START Provided material

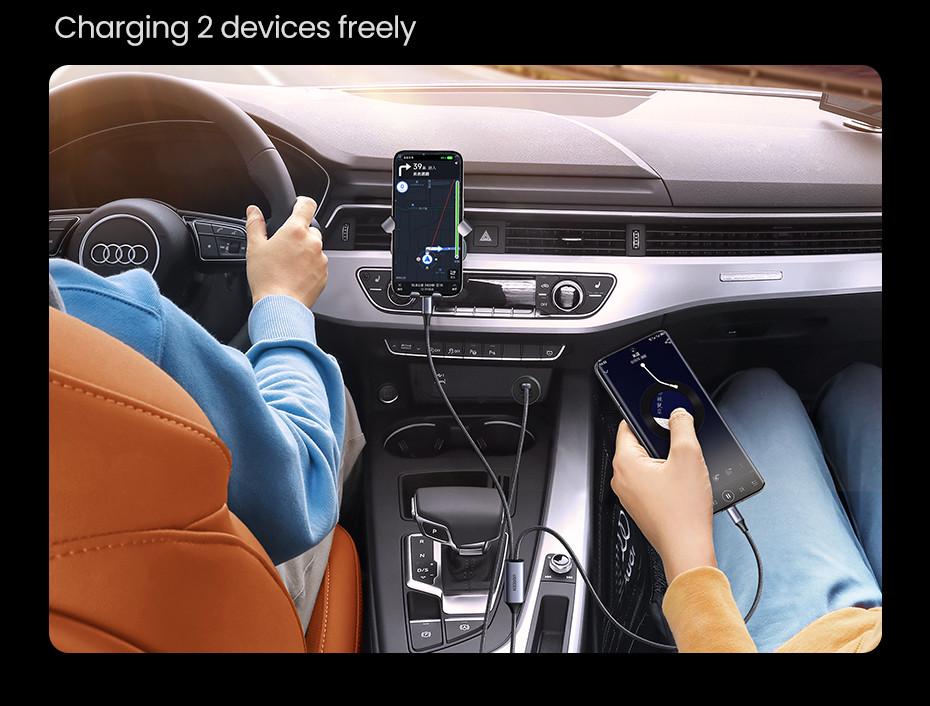 Кабель Ugreen Fast Charging 2 Type-C 100W 2в1 1,5м Black (25397385) - фото 7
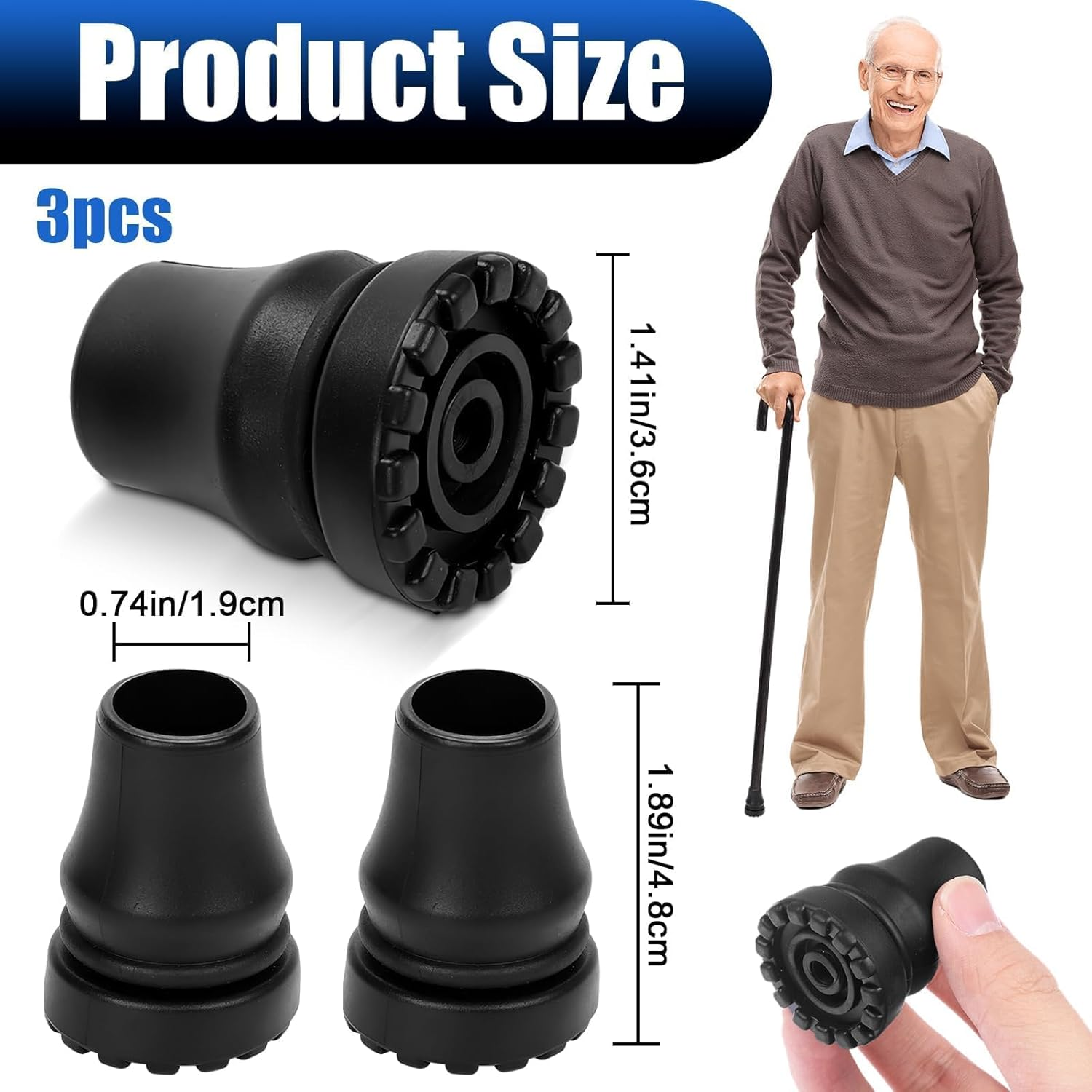 Cane Tips, 3 Pcs Non Slip All Terrain Crutch Tips, 3/4 Inch Rubber Replacement Cane Tips for Canes, Walking Sticks, Hiking Stick, Seniors Crutches (3 Pcs,Black) image number 4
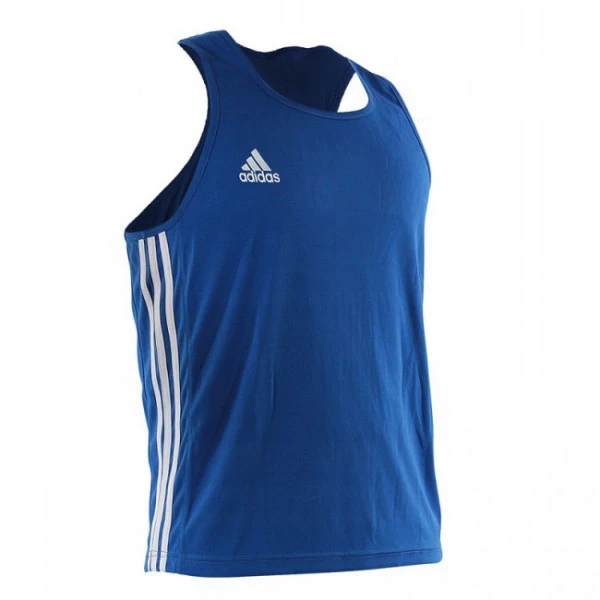 Tank Top Sportowy Bokserski Adidas Niebieski poliester Climalite r. L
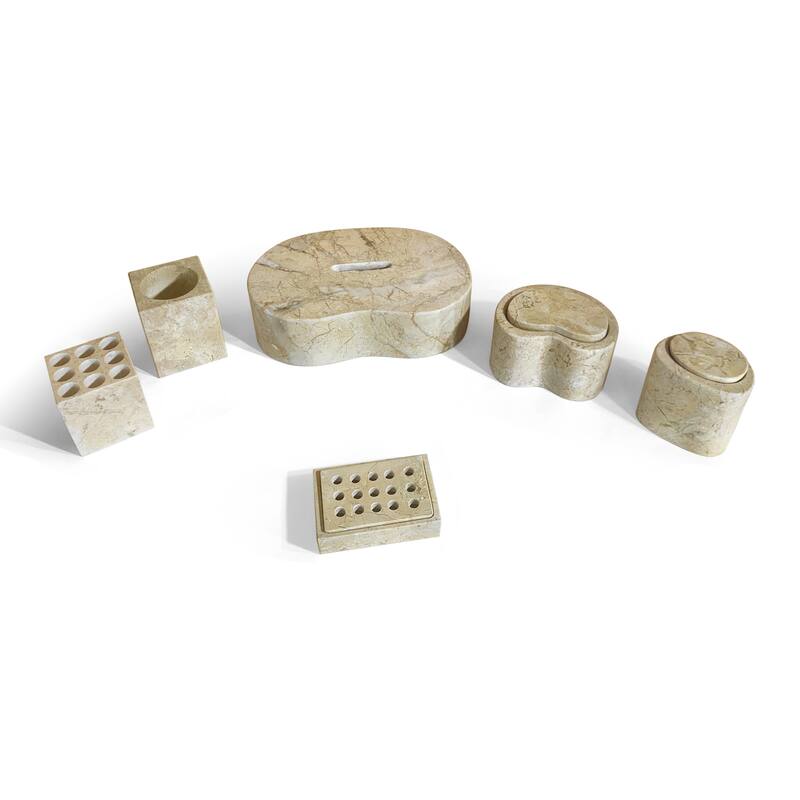 Roomfitters Marble Bathroom Accessories Set, Natural Stone Countertop Accessory Set, Solid Marble Vanity Set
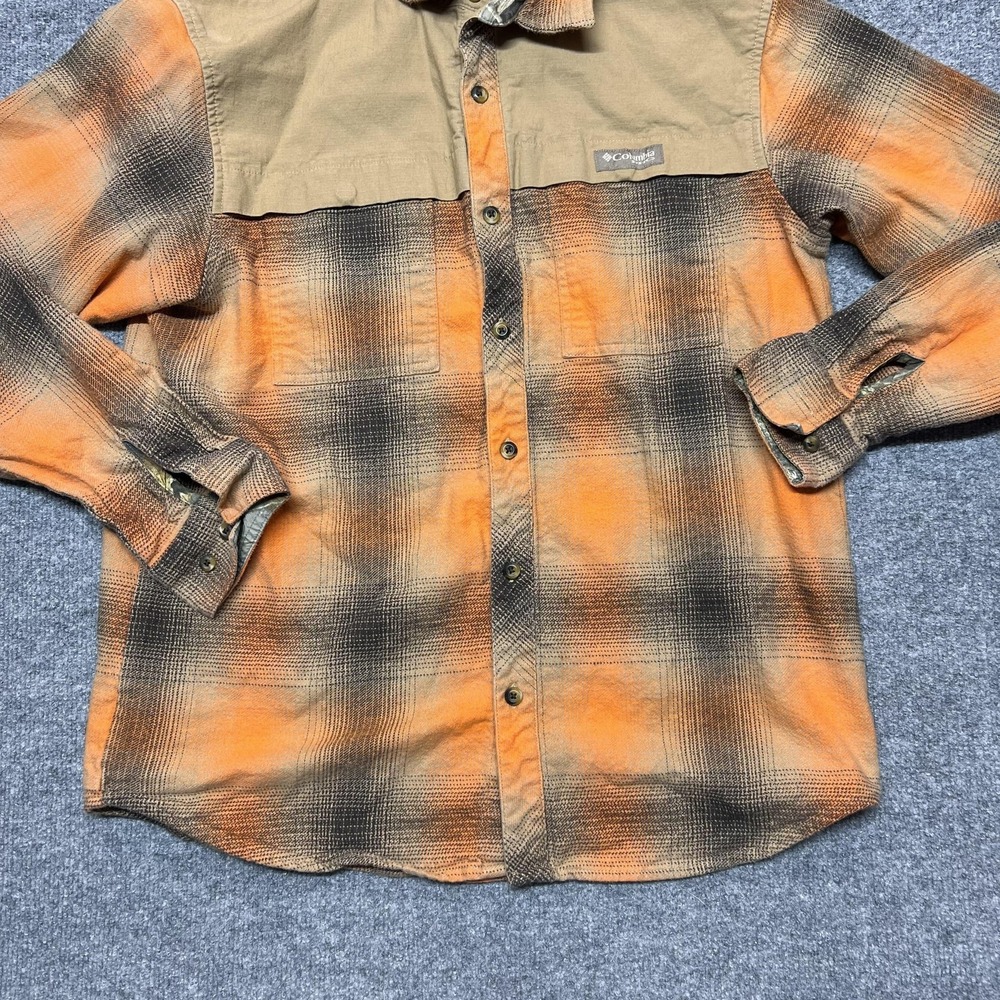 Columbia PHG Shirt Mens Medium Orange Plaid Flannel Button Long Sleeve Outdoor - Picture 4 of 11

END Provided material

#### What to work on
Print the full listing again exactly, and drop every image from it.

#### Answer box
 Кабель Ugreen Fast Charging 2 Type-C 100W 2в1 1,5м Black (25397385) - фото 7
 Cane Tips, 3 Pcs Non Slip All Terrain Crutch Tips, 3/4 Inch Rubber Replacement Cane Tips for Canes, Walking Sticks, Hiking Stick, Seniors Crutches (3 Pcs,Black) image number 4
 Tank Top Sportowy Bokserski Adidas Niebieski poliester Climalite r. L
 Roomfitters Marble Bathroom Accessories Set, Natural Stone Countertop Accessory Set, Solid Marble Vanity Set
 Columbia PHG Shirt Mens Medium Orange Plaid Flannel Button Long Sleeve Outdoor - Picture 4 of 11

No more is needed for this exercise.